My H filed for D on Nov. 9 of this year. On Nov. 23, I found a card from the Sheriff's office on my front door. The next day was Thanksgiving and I worked everyday after that until yesterday. I called the number on the card yesterday and they told me that the D papers had been sent back to the District Clerk's office. I called the District Clerk and was informed that they will not try and serve me again. The Sheriff said he had been out to my house 3x and I could not be found.  I ask how was I supposed to get my D papers. They said the only thing they could do was provide a copy of the Petition (which I have to pay for). 

Today I got my copy of the petition. It was a big 3 pages. H left me everything which is wonderful but I am unclear on what the next step is in the D process :scratchhead: 

I did some research and it say that H has to have proof that I was properly served. There is no proof cause I was never served, and the copy that I picked up today was only a copy. I was not asked for ID or to sign anything. Does H have to have proof that I was served? Can the D just take place with out me being involved at all? I don't have money for an attorney. I have tried to contact a few for a free consultation and I am awaiting their replies as I type this. What should I do? Is there anything I can do or does H still have the burden of proving that I was served? 

I live in the great state of Texas if it makes a difference. Thanks in advance for the advice.


----------



## Almostrecovered (Jul 14, 2011)

does your husband have a lawyer? call his lawyer and ask him for the papers?


----------



## somuchinlove (Oct 10, 2011)

No H has no lawyer. We were trying to do everything ourselves.
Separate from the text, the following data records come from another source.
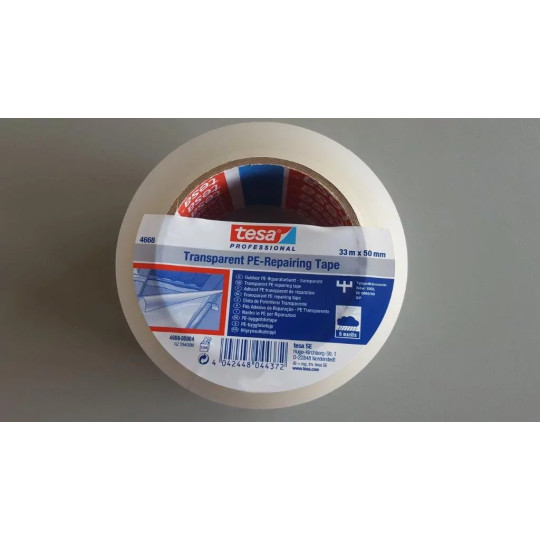 Adhésif de réparation pour baches et serres - MV Industrie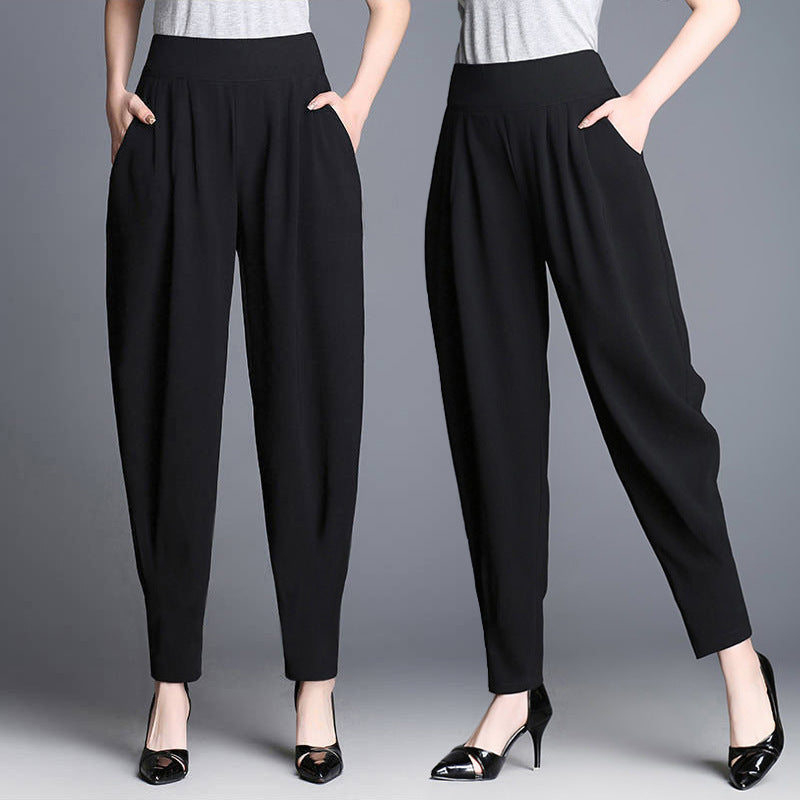 Versatile Harlan Pants Women's Korean Version Loose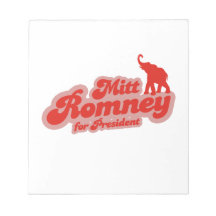 ROMNEY PARA PRESIDENTE GOP BLOCS DE PAPEL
The big issue is that H is kind of being a child about the whole thing, i.e. laughing with his gf about our D and the trouble I am having obtaining the original petition. So I really don't feel comfortable talking to him about something so serious so I can be a form of humorous entertainment for H and his gf. Talking to him about this is out of the question.


----------



## SadSamIAm (Oct 29, 2010)

I hope you are looking after yourself. If he makes a fair amount more money that you and if you were married for a few years, you should be eligible for alimony. Also, if you have kids, he needs to pay child support.


----------



## somuchinlove (Oct 10, 2011)

No kids between us, although I have a daughter. He makes 5x more than I do but we were only married for 1.5 years together for a total of 7. I am taking care of myself and have plans to move back home in 20 days and counting. My only concern is what happens now in the D process. I am still waiting for the lawyers to get back to me, if they even are willing to give a little free advice.


----------